> WORK REQUEST
Leave every picture out and print exactly the lines that run from the one containing "Sude HOMEWEAR Set" to the end of the listing.

> PROVIDED MATERIAL
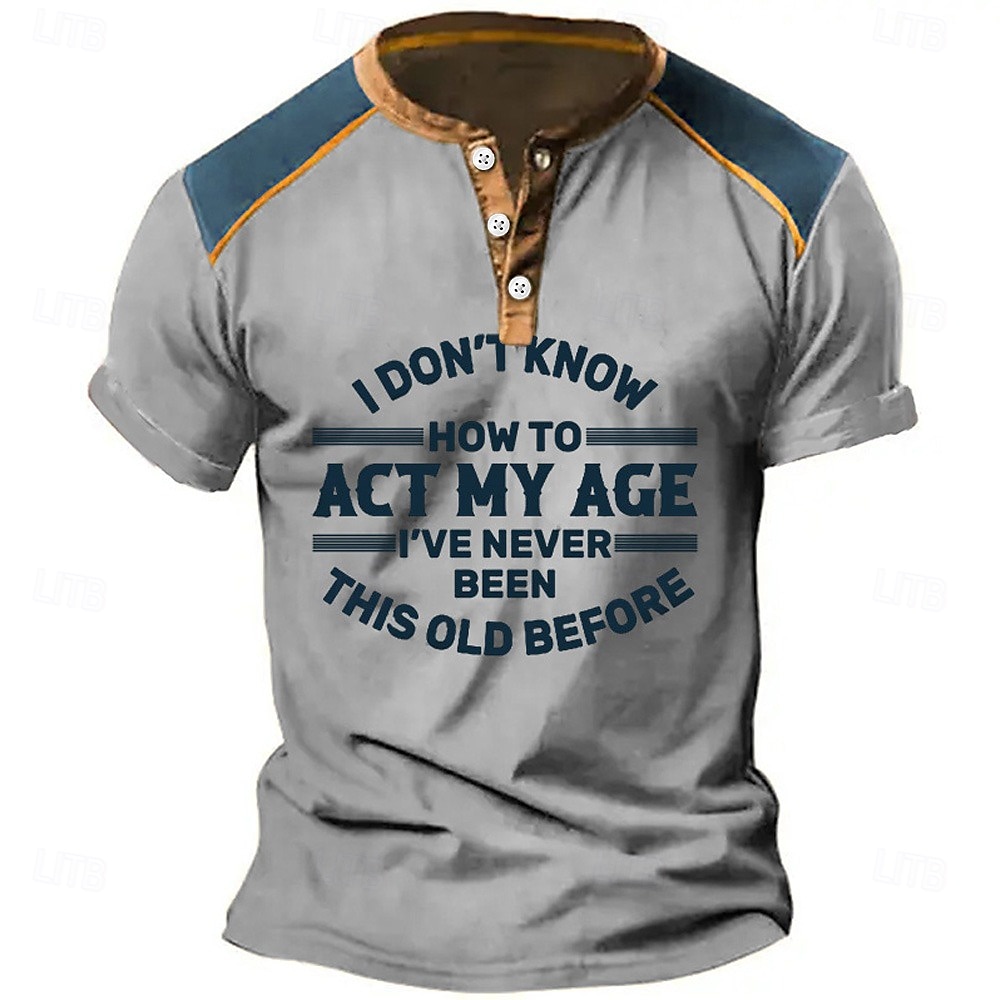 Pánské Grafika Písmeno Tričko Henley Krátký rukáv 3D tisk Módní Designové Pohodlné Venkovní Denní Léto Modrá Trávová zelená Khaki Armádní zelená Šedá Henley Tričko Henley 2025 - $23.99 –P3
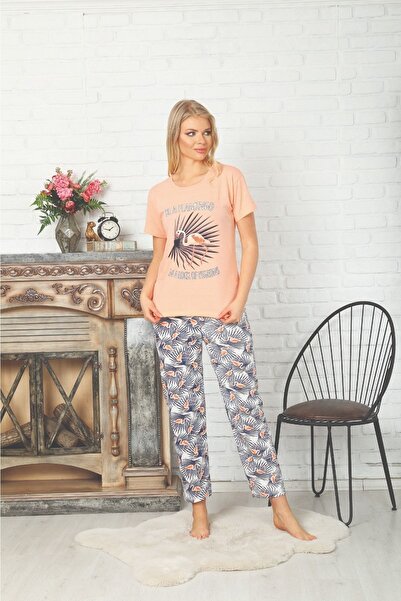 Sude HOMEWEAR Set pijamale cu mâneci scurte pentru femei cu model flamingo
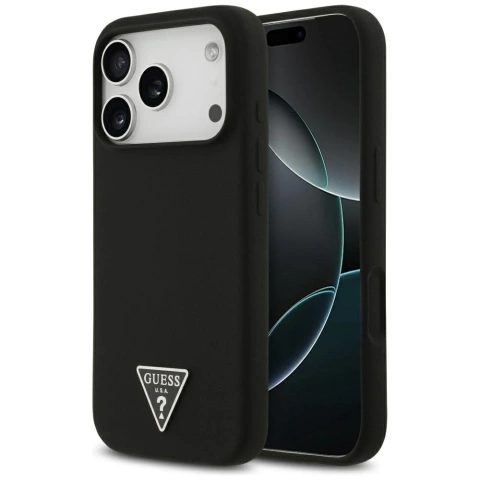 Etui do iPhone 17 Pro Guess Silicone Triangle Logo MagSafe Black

> RESULT FOR THIS TASK
 Sude HOMEWEAR Set pijamale cu mâneci scurte pentru femei cu model flamingo
 Etui do iPhone 17 Pro Guess Silicone Triangle Logo MagSafe Black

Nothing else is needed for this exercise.